Wow, in one very short post, you proved that you're ignorant about the First Amendment, the Second Amendment, and the Republican party. Impressive!


----------



## Harry Dresden (Jul 11, 2022)

Billy000 said:


> Who is they?


the people who tell you and me were to shit.....


----------



## Billy000 (Jul 11, 2022)

Bootney Lee Farnsworth said:


> So to be clear, five--year-olds do not have the right to free speech. Mama will shut that little bitch up.
> 
> Minors do not have full rights.
> 
> ...


Nope that isn’t how the first amendment works. The amendment just guarantees he can’t be charged with a crime. The same logic applies to adults. Adults can get fired from their jobs for their speech. The amendment does not mean speech doesn’t have consequences.


----------



## Billy000 (Jul 11, 2022)

marvin martian said:


> Wow, in one very short post, you proved that you're ignorant about the First Amendment, the Second Amendment, and the Republican party. Impressive!

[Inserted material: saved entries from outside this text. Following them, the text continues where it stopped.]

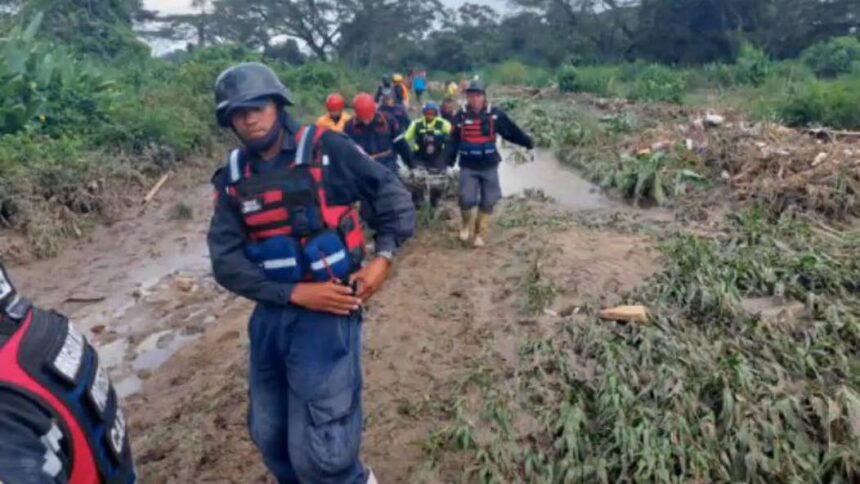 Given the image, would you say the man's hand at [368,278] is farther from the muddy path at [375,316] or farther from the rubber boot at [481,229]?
the rubber boot at [481,229]

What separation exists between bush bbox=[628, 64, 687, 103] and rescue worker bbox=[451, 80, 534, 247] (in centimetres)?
1150

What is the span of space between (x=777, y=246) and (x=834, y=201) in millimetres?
1613

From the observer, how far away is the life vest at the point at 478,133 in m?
6.88

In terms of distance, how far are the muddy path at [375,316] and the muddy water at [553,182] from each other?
2.04 feet

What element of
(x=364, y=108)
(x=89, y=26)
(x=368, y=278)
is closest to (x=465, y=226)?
(x=364, y=108)

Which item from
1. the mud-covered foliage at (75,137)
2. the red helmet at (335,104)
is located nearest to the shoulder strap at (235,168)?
the red helmet at (335,104)

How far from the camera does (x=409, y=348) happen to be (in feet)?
16.0

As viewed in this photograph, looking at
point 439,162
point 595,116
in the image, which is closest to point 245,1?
point 595,116

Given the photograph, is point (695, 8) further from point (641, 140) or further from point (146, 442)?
point (146, 442)

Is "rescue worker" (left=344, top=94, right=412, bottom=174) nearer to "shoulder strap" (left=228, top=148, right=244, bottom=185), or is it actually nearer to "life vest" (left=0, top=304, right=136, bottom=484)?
"shoulder strap" (left=228, top=148, right=244, bottom=185)

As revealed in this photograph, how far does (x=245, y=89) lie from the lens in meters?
2.34

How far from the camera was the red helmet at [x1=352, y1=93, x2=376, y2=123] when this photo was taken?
7266mm

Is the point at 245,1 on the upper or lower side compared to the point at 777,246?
upper

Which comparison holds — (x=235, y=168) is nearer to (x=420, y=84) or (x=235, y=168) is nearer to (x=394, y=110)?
(x=394, y=110) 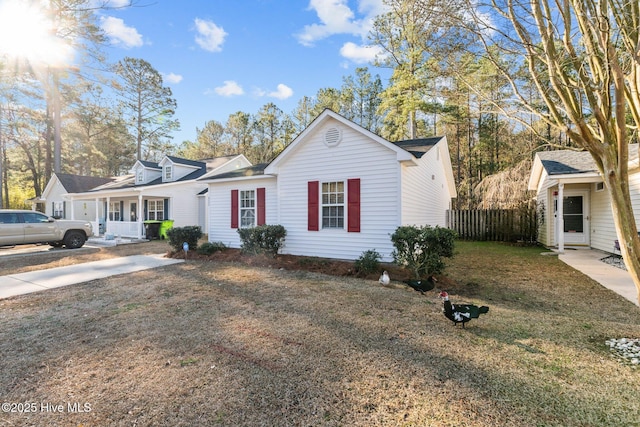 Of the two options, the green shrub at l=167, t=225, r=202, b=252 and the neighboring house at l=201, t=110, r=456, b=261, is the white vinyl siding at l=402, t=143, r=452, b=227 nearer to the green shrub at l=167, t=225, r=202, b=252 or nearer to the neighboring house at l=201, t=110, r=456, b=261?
the neighboring house at l=201, t=110, r=456, b=261

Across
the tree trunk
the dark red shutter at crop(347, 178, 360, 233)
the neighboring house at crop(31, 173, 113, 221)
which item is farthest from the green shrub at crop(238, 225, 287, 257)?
the neighboring house at crop(31, 173, 113, 221)

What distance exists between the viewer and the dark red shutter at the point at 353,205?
819cm

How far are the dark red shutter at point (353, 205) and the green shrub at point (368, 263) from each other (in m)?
1.01

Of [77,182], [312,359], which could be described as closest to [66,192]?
[77,182]

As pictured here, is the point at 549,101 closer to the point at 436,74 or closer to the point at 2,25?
the point at 436,74

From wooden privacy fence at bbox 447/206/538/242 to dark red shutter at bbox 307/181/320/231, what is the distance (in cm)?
879

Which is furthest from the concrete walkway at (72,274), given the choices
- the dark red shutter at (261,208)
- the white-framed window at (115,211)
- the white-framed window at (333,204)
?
the white-framed window at (115,211)

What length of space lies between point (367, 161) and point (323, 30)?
661 centimetres

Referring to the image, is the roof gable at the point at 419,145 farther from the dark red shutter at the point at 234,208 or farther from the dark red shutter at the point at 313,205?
the dark red shutter at the point at 234,208

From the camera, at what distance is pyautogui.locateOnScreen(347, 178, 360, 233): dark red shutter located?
8.19 m

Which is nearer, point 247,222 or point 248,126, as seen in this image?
point 247,222

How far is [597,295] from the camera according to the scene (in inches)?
214

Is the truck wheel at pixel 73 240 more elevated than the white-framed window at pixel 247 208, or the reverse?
the white-framed window at pixel 247 208

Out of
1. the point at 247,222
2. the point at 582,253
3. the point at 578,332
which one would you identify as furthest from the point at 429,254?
the point at 582,253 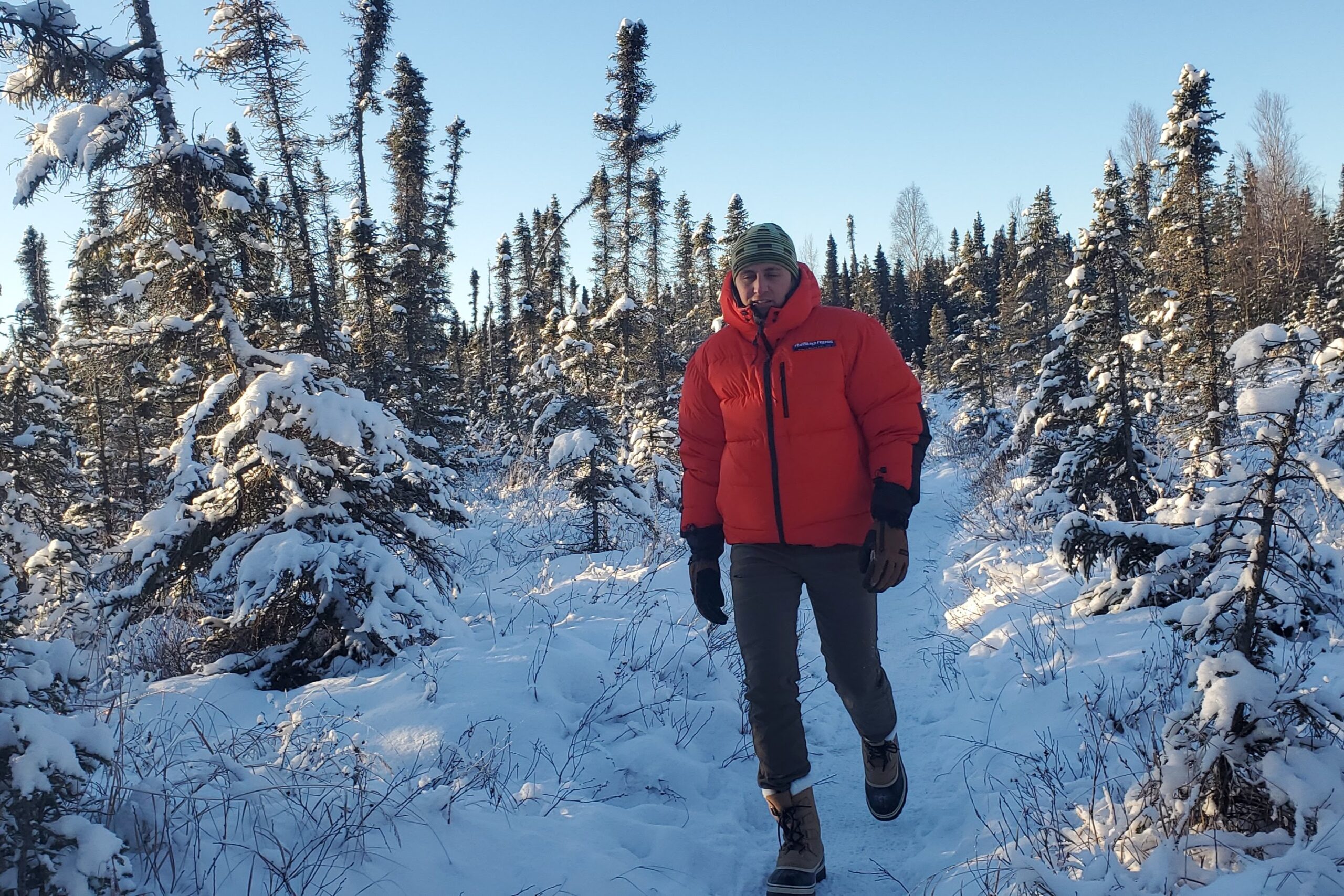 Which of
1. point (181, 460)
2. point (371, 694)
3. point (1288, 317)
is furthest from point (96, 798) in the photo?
point (1288, 317)

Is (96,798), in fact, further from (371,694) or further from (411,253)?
(411,253)

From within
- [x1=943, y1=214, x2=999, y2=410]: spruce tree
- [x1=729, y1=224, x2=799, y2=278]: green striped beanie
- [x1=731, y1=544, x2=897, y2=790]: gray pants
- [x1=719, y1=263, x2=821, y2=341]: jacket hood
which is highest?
[x1=943, y1=214, x2=999, y2=410]: spruce tree

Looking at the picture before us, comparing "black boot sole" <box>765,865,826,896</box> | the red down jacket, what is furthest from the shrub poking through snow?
the red down jacket

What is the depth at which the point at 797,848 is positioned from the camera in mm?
2971

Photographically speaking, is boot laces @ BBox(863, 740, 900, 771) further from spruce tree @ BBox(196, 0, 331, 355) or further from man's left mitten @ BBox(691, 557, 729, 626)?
spruce tree @ BBox(196, 0, 331, 355)

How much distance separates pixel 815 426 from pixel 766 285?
74cm

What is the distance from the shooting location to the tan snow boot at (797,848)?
9.45 ft

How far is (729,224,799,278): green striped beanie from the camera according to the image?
3354 mm

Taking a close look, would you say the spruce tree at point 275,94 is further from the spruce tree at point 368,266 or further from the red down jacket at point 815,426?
the red down jacket at point 815,426

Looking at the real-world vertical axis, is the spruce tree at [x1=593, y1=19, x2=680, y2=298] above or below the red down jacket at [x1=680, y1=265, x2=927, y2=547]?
above

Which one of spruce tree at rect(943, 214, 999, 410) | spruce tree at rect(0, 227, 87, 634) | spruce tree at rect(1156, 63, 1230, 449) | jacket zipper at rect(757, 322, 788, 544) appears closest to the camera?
jacket zipper at rect(757, 322, 788, 544)

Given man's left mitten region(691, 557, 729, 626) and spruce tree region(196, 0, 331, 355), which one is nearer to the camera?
man's left mitten region(691, 557, 729, 626)

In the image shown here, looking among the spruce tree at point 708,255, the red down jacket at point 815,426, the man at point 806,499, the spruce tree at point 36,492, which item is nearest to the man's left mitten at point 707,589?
the man at point 806,499

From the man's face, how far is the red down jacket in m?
0.08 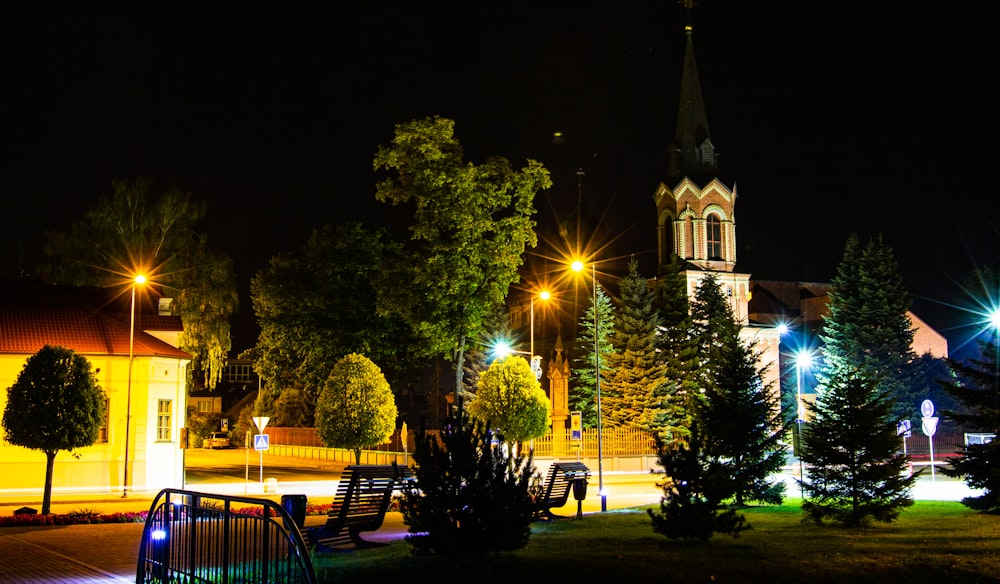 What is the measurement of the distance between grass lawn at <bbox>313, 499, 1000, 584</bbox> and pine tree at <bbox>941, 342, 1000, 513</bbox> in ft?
10.4

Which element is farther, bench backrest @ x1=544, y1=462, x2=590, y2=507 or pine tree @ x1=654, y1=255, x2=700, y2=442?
pine tree @ x1=654, y1=255, x2=700, y2=442

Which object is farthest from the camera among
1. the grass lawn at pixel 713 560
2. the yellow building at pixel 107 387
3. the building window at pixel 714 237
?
the building window at pixel 714 237

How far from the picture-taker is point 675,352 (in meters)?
54.6

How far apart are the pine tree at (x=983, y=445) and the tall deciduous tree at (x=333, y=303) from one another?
99.7 ft

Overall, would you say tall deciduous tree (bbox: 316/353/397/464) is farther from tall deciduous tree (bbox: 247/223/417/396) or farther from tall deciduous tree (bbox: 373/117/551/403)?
tall deciduous tree (bbox: 247/223/417/396)

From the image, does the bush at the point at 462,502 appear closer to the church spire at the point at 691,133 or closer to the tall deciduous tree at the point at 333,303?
the tall deciduous tree at the point at 333,303

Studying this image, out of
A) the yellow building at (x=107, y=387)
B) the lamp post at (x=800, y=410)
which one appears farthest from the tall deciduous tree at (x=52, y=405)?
the lamp post at (x=800, y=410)

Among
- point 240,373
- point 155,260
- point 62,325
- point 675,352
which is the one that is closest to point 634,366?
point 675,352

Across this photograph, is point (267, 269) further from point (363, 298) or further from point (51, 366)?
point (51, 366)

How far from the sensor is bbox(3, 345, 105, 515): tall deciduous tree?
76.5 ft

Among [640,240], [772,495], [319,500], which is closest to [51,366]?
[319,500]

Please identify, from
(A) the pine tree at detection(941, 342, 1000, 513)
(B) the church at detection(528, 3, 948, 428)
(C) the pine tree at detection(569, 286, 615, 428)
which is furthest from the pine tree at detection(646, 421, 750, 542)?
(B) the church at detection(528, 3, 948, 428)

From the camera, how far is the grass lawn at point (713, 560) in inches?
412

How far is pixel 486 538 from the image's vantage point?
443 inches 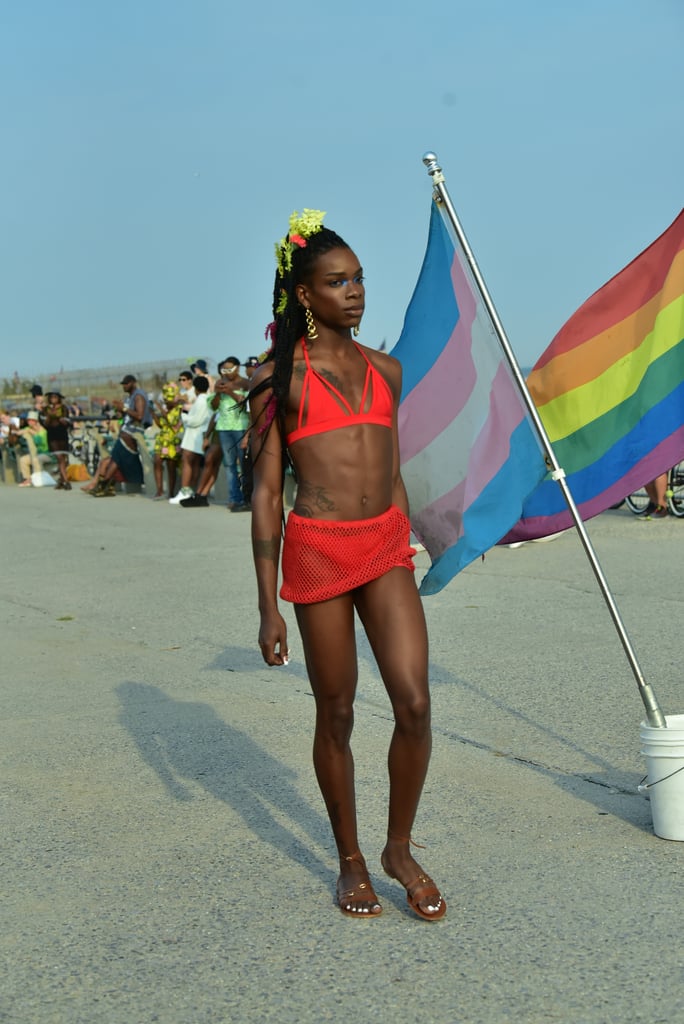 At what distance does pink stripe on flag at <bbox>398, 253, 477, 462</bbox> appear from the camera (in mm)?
5414

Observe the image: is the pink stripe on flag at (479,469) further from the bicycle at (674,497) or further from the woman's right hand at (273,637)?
the bicycle at (674,497)

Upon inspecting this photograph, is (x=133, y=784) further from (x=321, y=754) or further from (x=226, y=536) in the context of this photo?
(x=226, y=536)

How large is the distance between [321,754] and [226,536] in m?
11.3

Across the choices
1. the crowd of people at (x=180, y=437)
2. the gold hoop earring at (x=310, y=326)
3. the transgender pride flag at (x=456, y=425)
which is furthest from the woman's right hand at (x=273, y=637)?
the crowd of people at (x=180, y=437)

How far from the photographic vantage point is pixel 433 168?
5188mm

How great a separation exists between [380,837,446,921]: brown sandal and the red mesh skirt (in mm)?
891

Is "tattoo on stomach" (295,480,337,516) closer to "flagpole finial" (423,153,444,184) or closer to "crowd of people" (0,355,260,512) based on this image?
"flagpole finial" (423,153,444,184)

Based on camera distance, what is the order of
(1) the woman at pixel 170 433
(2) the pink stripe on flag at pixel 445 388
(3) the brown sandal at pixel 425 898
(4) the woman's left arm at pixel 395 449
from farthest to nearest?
1. (1) the woman at pixel 170 433
2. (2) the pink stripe on flag at pixel 445 388
3. (4) the woman's left arm at pixel 395 449
4. (3) the brown sandal at pixel 425 898

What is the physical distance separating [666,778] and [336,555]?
1386mm

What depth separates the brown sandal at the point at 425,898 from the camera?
13.5 feet

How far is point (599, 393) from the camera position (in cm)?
560

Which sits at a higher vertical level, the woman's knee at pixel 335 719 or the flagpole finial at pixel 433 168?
the flagpole finial at pixel 433 168

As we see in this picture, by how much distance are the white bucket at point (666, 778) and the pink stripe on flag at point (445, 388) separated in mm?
1451

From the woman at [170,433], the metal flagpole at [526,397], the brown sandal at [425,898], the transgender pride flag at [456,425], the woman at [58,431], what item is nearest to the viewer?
the brown sandal at [425,898] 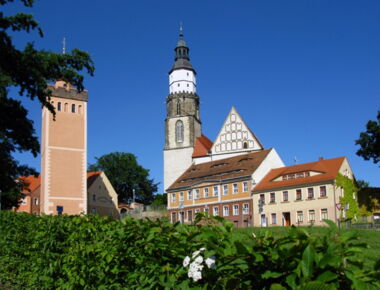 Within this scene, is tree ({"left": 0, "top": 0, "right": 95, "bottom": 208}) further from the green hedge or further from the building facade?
the building facade

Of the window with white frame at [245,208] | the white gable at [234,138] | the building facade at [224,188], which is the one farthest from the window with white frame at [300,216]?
the white gable at [234,138]

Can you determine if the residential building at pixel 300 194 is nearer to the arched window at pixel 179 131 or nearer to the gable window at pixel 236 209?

And yet you can’t explain how I am wrong.


----------



## Bootney Lee Farnsworth (Jul 11, 2022)

Billy000 said:


> Nope that isn’t how the first amendment works. The amendment just guarantees he can’t be charged with a crime. The same logic applies to adults. Adults can get fired from their jobs for their speech. The amendment does not mean speech doesn’t have consequences.


How did we get off on that tangent?

Government cannot interfere with free speech.

Government and also cannot interfere with the right to keep and bear arms.

Children do not have the rights to enter into contracts. The sale of a gun is a contract.

So what are you saying?


----------



## Billy000 (Jul 11, 2022)

Bootney Lee Farnsworth said:


> How did we get off on that tangent?
> 
> Government cannot interfere with free speech.
> 
> ...


Umm the government obviously isn’t involved when their mom tells kids to shut up.

Lol the sale of anything is a contract. Kids can buy candy obviously.


----------



## Bootney Lee Farnsworth (Jul 11, 2022)

Billy000 said:


> *Umm* the government obviously isn’t involved when their mom tells kids to shut up.


First of all, you do not have to be a douchey snarky twat in every fucking reply you make.  It doesn't improve your shitty arguments.

Secondly, of course government isn't (or shouldn't be) involved in parents making parenting decisions.



Billy000 said:


> Lol the sale of anything is a contract.


Correct


Billy000 said:


> Kids can buy candy obviously.


And a parent can go back and rescind the sale.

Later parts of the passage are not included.